Replace [Ss]commaaccent with [Ss]cedilla as required for Turkic languages

rosettatype / hyperglot

Hyperglot: a database and tools for detecting language support in fonts

http://hyperglot.rosettatype.com

GNU General Public License v3.0

162 stars 22 forks source link

Replace [Ss]commaaccent with [Ss]cedilla as required for Turkic languages #72

Closed alerque closed 2 years ago

alerque commented 2 years ago

Closes #71

alerque commented 2 years ago

This is much more messed up than this PR corrects. The Romanian derivations seem to have the correct alternates, but all the Turkic ones are messed up in one way or another.

MrBrezina commented 2 years ago

Thank you, Caleb. We will merge this in and set up a new issue (and investigation) in the other Turkic languages. cc: @kontur

MrBrezina commented 2 years ago

@alerque you have actually corrected this in the Latin Plus which was there only for reference. The database is in lib/hyperglot/hyperglot.yaml. I can edit it myself, no problem.

kontur commented 2 years ago

Happy for a PR on this, but let's not change the original reference data; if anything, we can add a corrected version of the latin plus data set, if it has been addressed there.

Presumably this applies to Turkish and Ottoman Turkish — any others?

alerque commented 2 years ago

Yes, others. I started going down the rabbit hole farther after opening this and edited some of the YAML files. I'll push that commit here just so it isn't lost, but it is incomplete.

I'd be happy to make the fix for real if you let me know which data set is canonical vs. which are derived.

At the very least Turkish, Ottoman Turkish, Gagavuz, Kurdish (Latin), and Turkmen are affected, but that isn't an exhaustive search. I stopped looking when I realized that there were so many and I didn't know what data I was supposed to be editing.

kontur commented 2 years ago

hyperglot.yaml is the source of truth :)

If you have the package installed you can also run hyperglot-validate (checks the data in the yaml) and hyperglot-save (enforces some sortings and for example mark related things).

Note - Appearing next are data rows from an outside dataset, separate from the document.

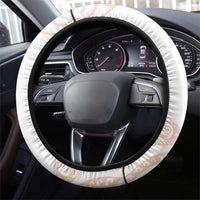Orange Polynesian Tribal Turtle Floral Pattern Steering Wheel Cover LT05 - Polynesian Pride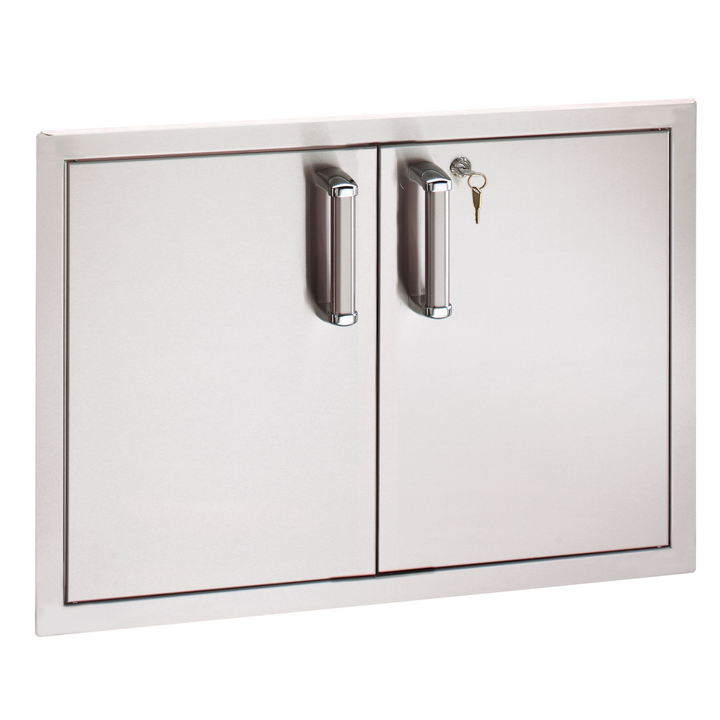 Fire Magic Flush Double Access Doors with Lock Doors & Drawers Fire Magic Grills   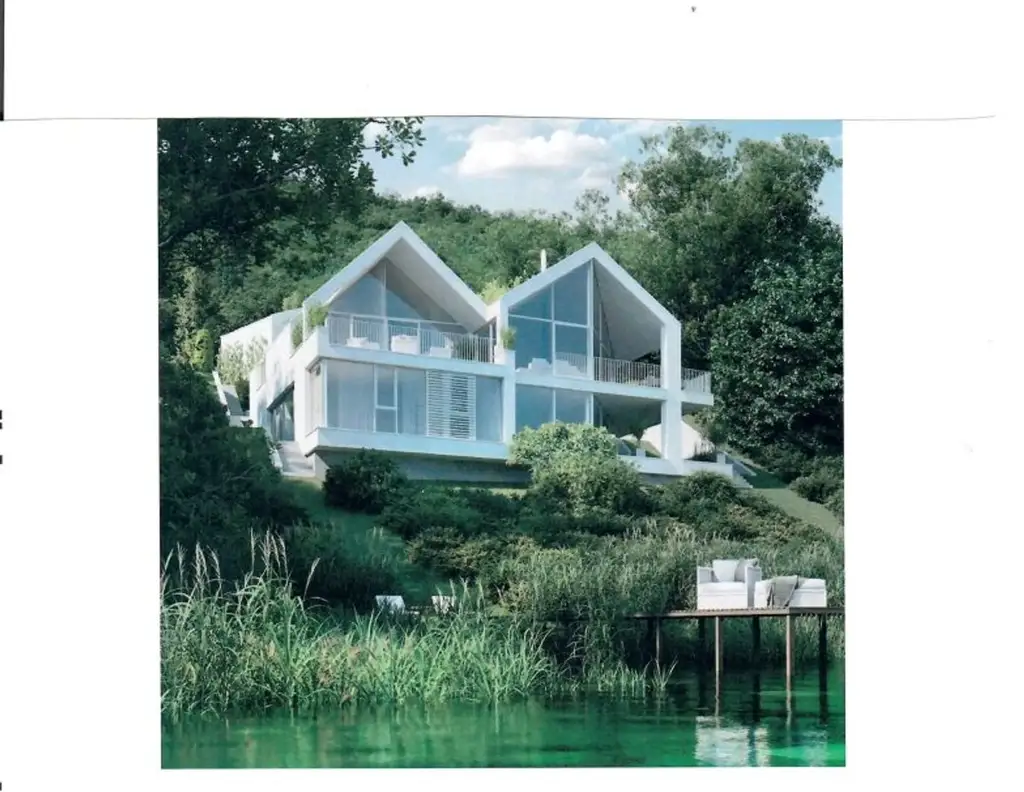 Seegrundstück am Ossiacher See mit Baugenehmigung für Luxuriöses Terrassen-Seehaus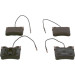 BOSCH | Bremsbelagsatz, Scheibenbremse | 0 986 461 130 BOSCH | Bremsbelagsatz, Scheibenbremse | 0 986 461 130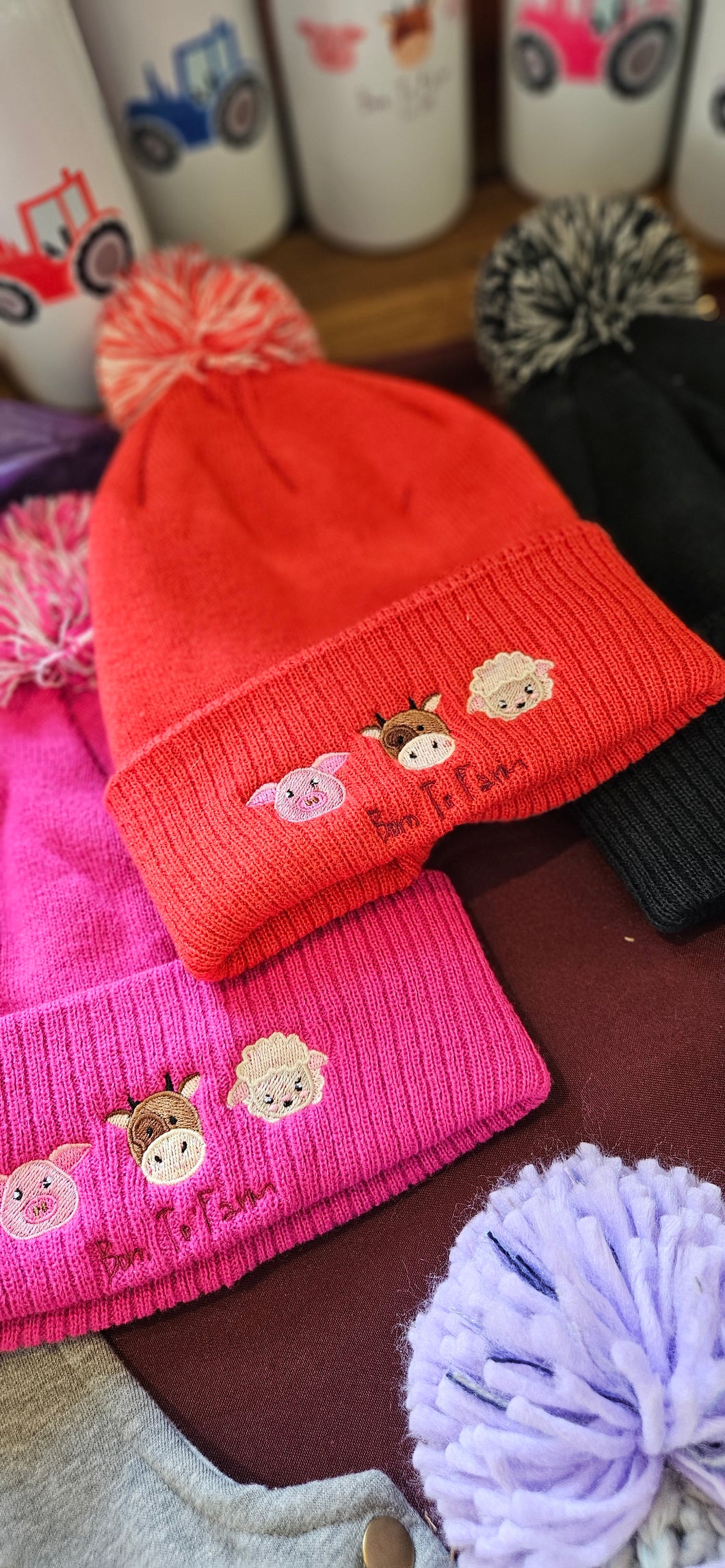 Born To Farm Bobble Hat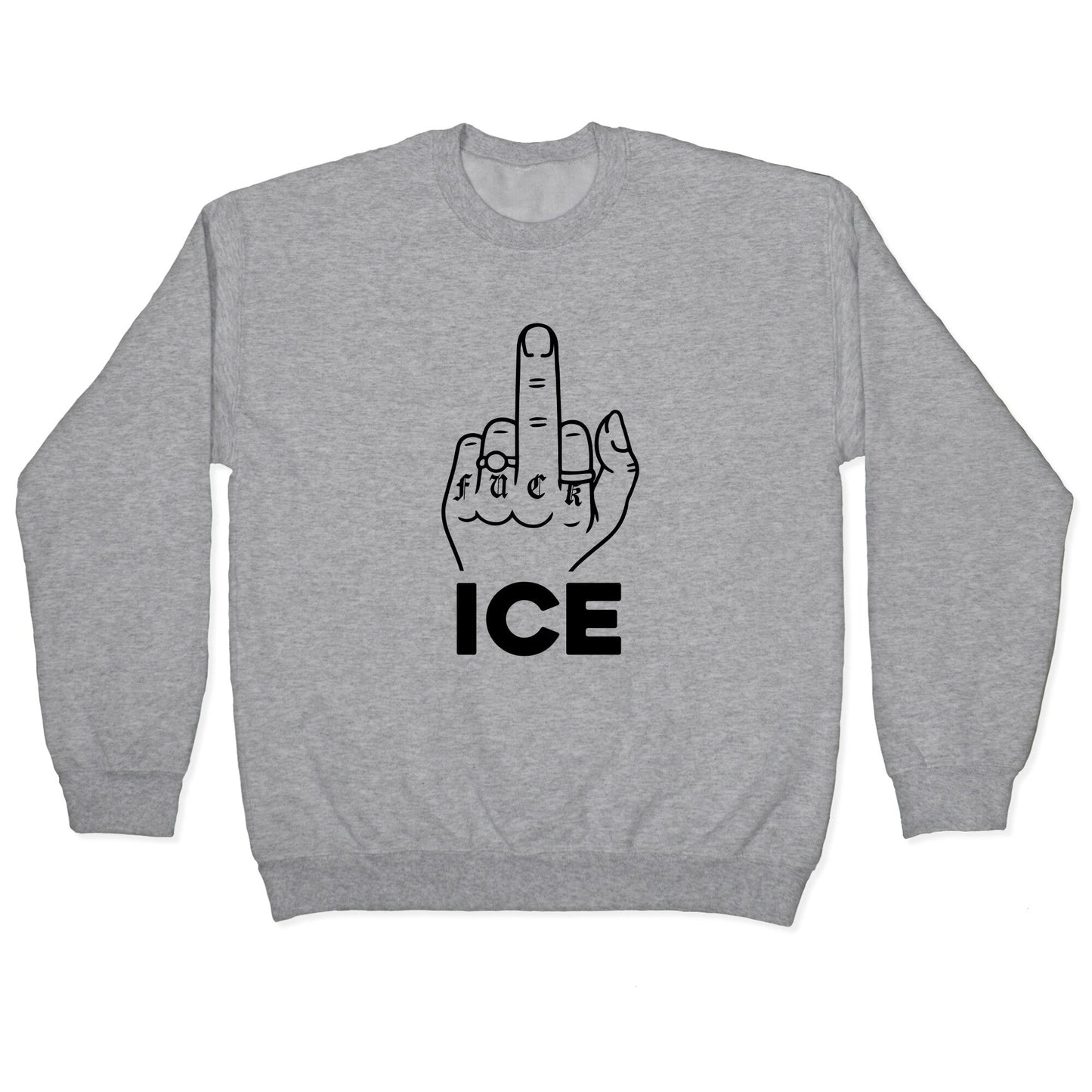Fuck ICE Crewneck Sweatshirt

Happy to answer questions or give pointers. We appreciate you input 👍

alerque commented 2 years ago

In that case let me co through the YAML file a bit more and clean up the bits I'm sure of and maybe comment on some ones I suspect. I'll force-push and tag for review when that's done.

alerque commented 2 years ago

I have updated this PR to be the two bits I'm pretty confident on.

For Ottoman Turkish the glyph list is just completely foobared as far as I can tell. To the best of my knowledge there are three common ways to Romanize Ottoman Turkish: using the modern Turkish orthography, using the IJMES transliteration system, or using the ALA- LC rules shown in the chart on Wikipedia.

The glyph list in the hyperglot data set are is a jumble of all three with some from each. This PR should complete the set for using modern Turkish (although it might be better to accomplish that with an include rather than listing them again). It also includes fragments from the other two, but neither are complete. I don't know what the goal is here. List all of them from all popular competing Romanization schemes? Anyway I left that for another commit or PR so that this one can get reviewed and moved along since the error in modern Turkish is pretty bad.

kontur commented 2 years ago

Thanks. I think for both Turkish and Ottoman Turkish (and probably others we can identify) the requirement for base should be current established norm, so using the cedilla-variants.

I think it would be useful to include the comma-variants as auxiliary to do justice to the reality that those may be encountered when typesetting those languages. At the same time, this would denote the cedilla-variants as preferred. I can add this when merging the PR next week, or feel free to add this still.

The Ottoman transliteration is or should be based on https://www.cambridge.org/core/journals/international-journal-of-middle-east-studies/information/author-resources/ijmes-translation-and-transliteration-guide — this should be added as an actual source in the yaml, not just as note. I will cross-check against e.g. https://www.cambridge.org/core/services/aop-file-manager/file/57d83390f6ea5a022234b400/TransChart.pdf to un-foobar it, if it currently is.

kontur commented 2 years ago

Thanks again @alerque for the contribution. The changes to Turkish are now published in 0.3.8 as well as on the Hyperglot website. We'll review the other related languages bit by bit.